* [Required work]:
The lines in the listing below are to be given again exactly, starting at the line holding "Jessner&rsquo;s lymphocytic infiltrate" and ending at the line holding "Callista Gingrich Plastic Surgery". Do not include pictures.
*** Records provided Section Begins ***
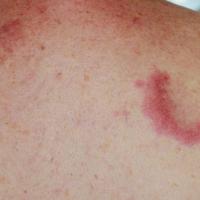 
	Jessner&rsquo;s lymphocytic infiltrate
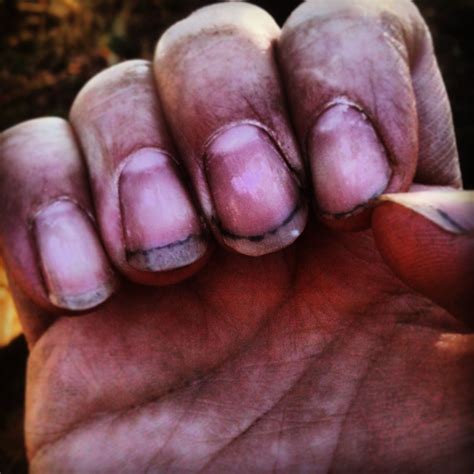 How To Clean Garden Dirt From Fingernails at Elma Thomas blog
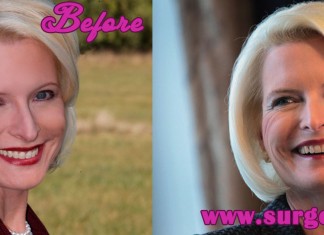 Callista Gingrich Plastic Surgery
*** Records provided Section Ends ***
*** Records provided Section Begins ***
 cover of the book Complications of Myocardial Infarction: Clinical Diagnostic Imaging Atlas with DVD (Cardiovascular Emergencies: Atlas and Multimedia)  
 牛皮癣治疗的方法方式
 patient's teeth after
*** Records provided Section Ends ***
*** Records provided Section Begins ***
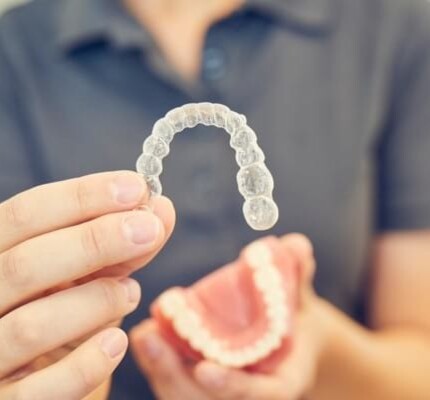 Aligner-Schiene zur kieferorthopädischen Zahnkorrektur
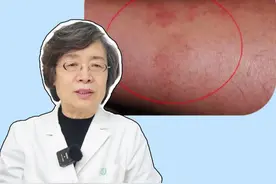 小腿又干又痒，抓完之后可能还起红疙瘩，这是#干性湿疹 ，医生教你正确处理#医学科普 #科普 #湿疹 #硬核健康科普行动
*** Records provided Section Ends ***
* [Exercise response]:
	Jessner&rsquo;s lymphocytic infiltrate
 How To Clean Garden Dirt From Fingernails at Elma Thomas blog
 Callista Gingrich Plastic Surgery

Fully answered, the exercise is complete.